Secondly, it is a mystery to us where the reference to “criminal fee reforms” being “taken forward” comes from. As far as we can determine, there are no such reforms under consideration presently. More than a year ago, the Scottish Legal Aid Board produced proposals for fee reform which, they said, were to be the subject of consultation. They were produced at a time when the Board was endeavouring to secure the participation of criminal solicitors on the police station duty scheme. Since then however, we have heard of no plans to actually introduce these proposals.

Furthermore, if these proposals are indeed what Mr Evans is referring to, what he again fails to identify is that the proposals were drafted specifically with the objective of cost neutrality – that they should result in no increase in the criminal Legal Aid spend. With all that said, one really must question where this statement by Mr Evans originates; the suspicion must be that it is based on a pro veritate acceptance by him of a representation made by the Scottish Legal Aid Board.



  1. Solemn Legal Aid

As regards solemn Legal Aid, Mr Evans states, also at page 73:

“A new fee structure in 2010 increased fees by 7%”

He repeats this claim at page 74.

One assumes that Mr Evans is referring here to the introduction of the hybrid payment system in relation to solemn work. At the time of that introduction, it was asserted by the Scottish Government and SLAB that the structure would increase fees for that work by 7%. However, no analysis has been undertaken since then to see whether the promised increase has actually materialised, despite many requests being made for this to be undertaken.

More alarmingly, again what Mr Evans has failed to identify is that the rates introduced in 2010 have since been cut. The hourly rates of £76 and £50.68 have reduced to £73.20 and £48.80 respectively. The payment a solicitor receives for travel necessarily undertaken – something which he or she has absolutely no control over – has been cut in half. It is reasonable to assume therefore that the change which Mr Evans appears to have accepted as a 7% increase is in fact a substantial reduction, in real terms as well as in cash.


  1. Police Station Work

Mr Evans states in this regard, again at page 73:

“In 2010, solicitors’ fees for police station (sic) were increased by one-third.”

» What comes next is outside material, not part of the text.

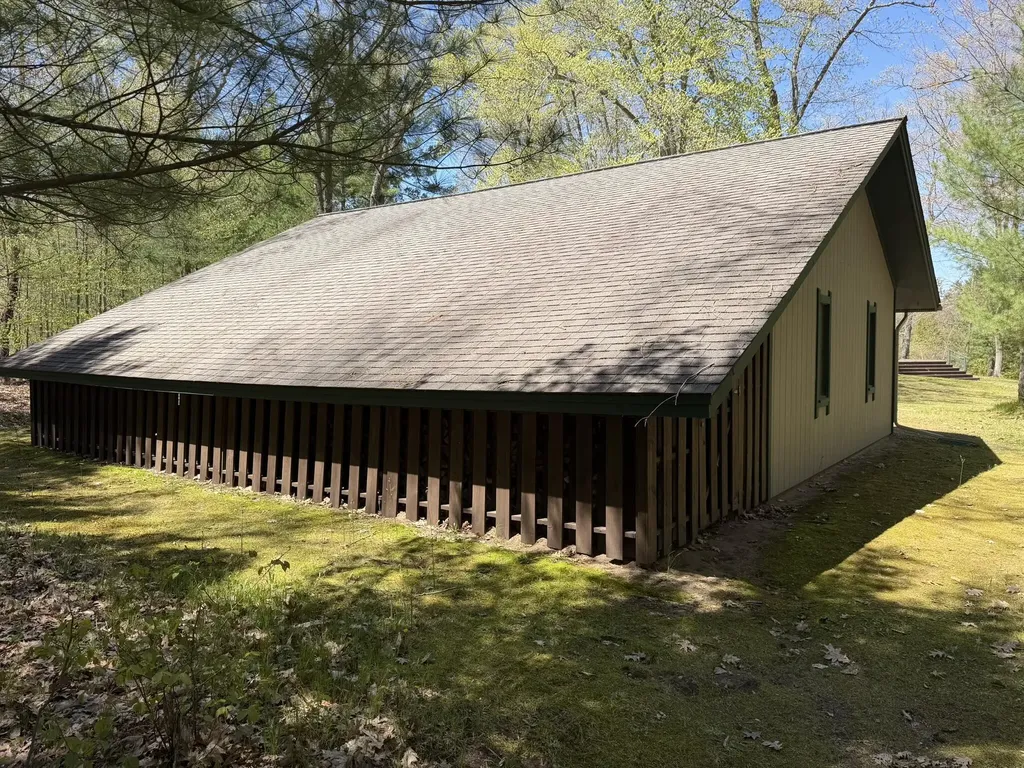 5620 N Utter Drive Sauble Township MI 49644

Candidly, this Association is unable to identify what it is that Mr Evans is referring to here and so any critical analysis of what he says must be to a degree speculative. The first reason for this is that, prior to 2010, solicitors were not paid at all for undertaking police station attendances – the suspect’s right of access to a solicitor only arose following the well-known Cadder case. The reference to there being any increase to such a fee is therefore unfounded as there was no fee payable to a solicitor which could attract any increase.

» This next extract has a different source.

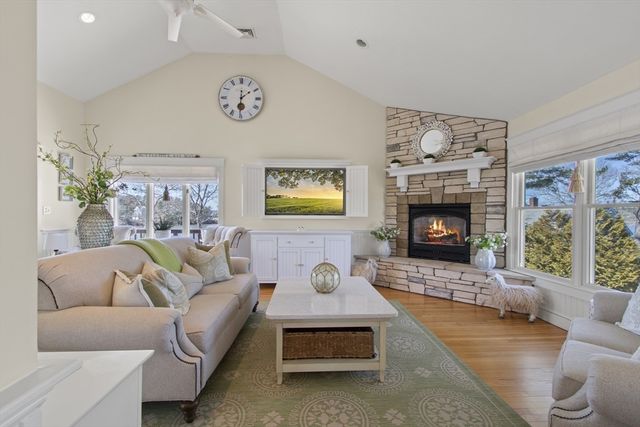 9 Fabyan Way, Bourne, MA 02532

Secondly, the suggestion that any rate of payment was increased by a third in 2010 is completely incorrect. It may be that the author is referring here to the uplift given in respect of attendances by solicitors at police stations during hours which were considered to be anti-social – defined as being between 10pm and 7am on any day, including weekends and holidays. If this is indeed what Mr Evans is referring to in making this statement, it defies belief he does not consider it appropriate to caveat the assertion made.

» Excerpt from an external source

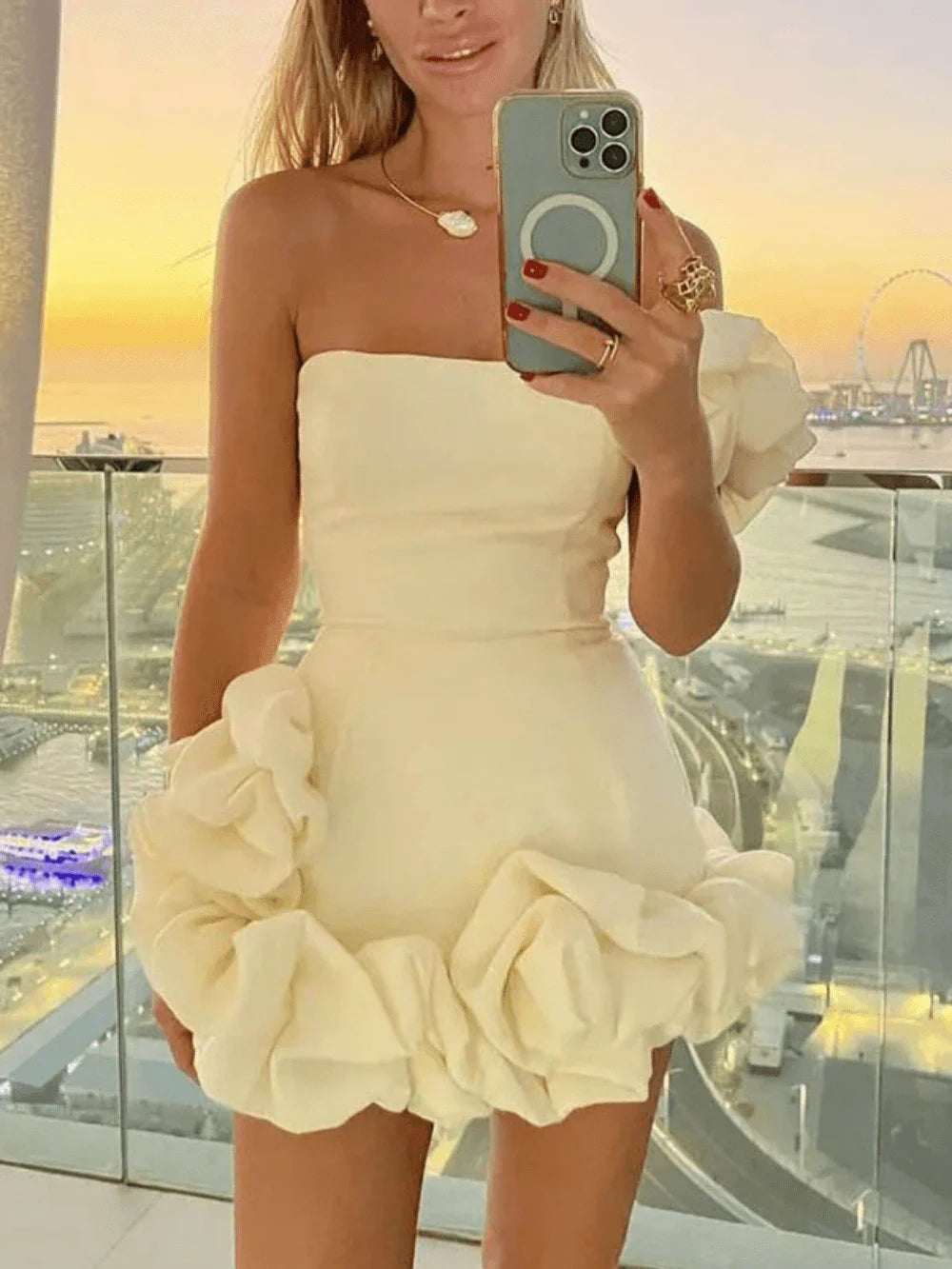 Robe taille empire à bretelle unique avec fleurs froncées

In his report, Mr Evans proposes an elaborate scheme to set and review rates of pay to solicitors. This Association fails to see the difficulty in reverting to the system which existed prior to 1992 of reviewing those rates of pay annually according to inflation. It appears to us that this is the most cost-effective and fair way to review pay given that any change would be referable to empirical financial data. Such a system should be impervious to logical criticism accordingly.



At page 80, Mr Evans claims to have been struck by the low morale of the legal aid solicitors he met. Frankly, it is the impression of this Association that his report has greatly exacerbated that feeling. The fact that a further 5% of the nation’s workforce has departed within a year is testament to that. Mr Evans says that “positive public messaging” is the answer to this problem. Such a statement is insulting to solicitors who have faced year on year cuts to their incomes as we have demonstrated in this paper but which Mr Evans failed in a most basic way to understand.

Criminal Legal Aid solicitors can typically work between 70 and 80 hours a week. Often they will do so for no payment whatsoever as the work involved in securing Legal Aid is more time-consuming than presenting the case of the Applicant in court and can be – and is often – unsuccessful. In such cases, no payment is made at all. This again is something which Mr Evans did not consider worthy of mention in his report.

Ultimately, Mr Evans concludes that “it proved impossible to find robust sources of persuasive evidence for a general increase in fees.” This Association finds this statement extraordinary as all of the information which we have referred to was available to Mr Evans as well. He does however state that “there may well be something in the case that some fees, in some circumstances and in some areas should be adjusted.” He does not elaborate on what he means by this. However, it would be difficult to elaborate on something which is so ambiguous that it almost has no meaning.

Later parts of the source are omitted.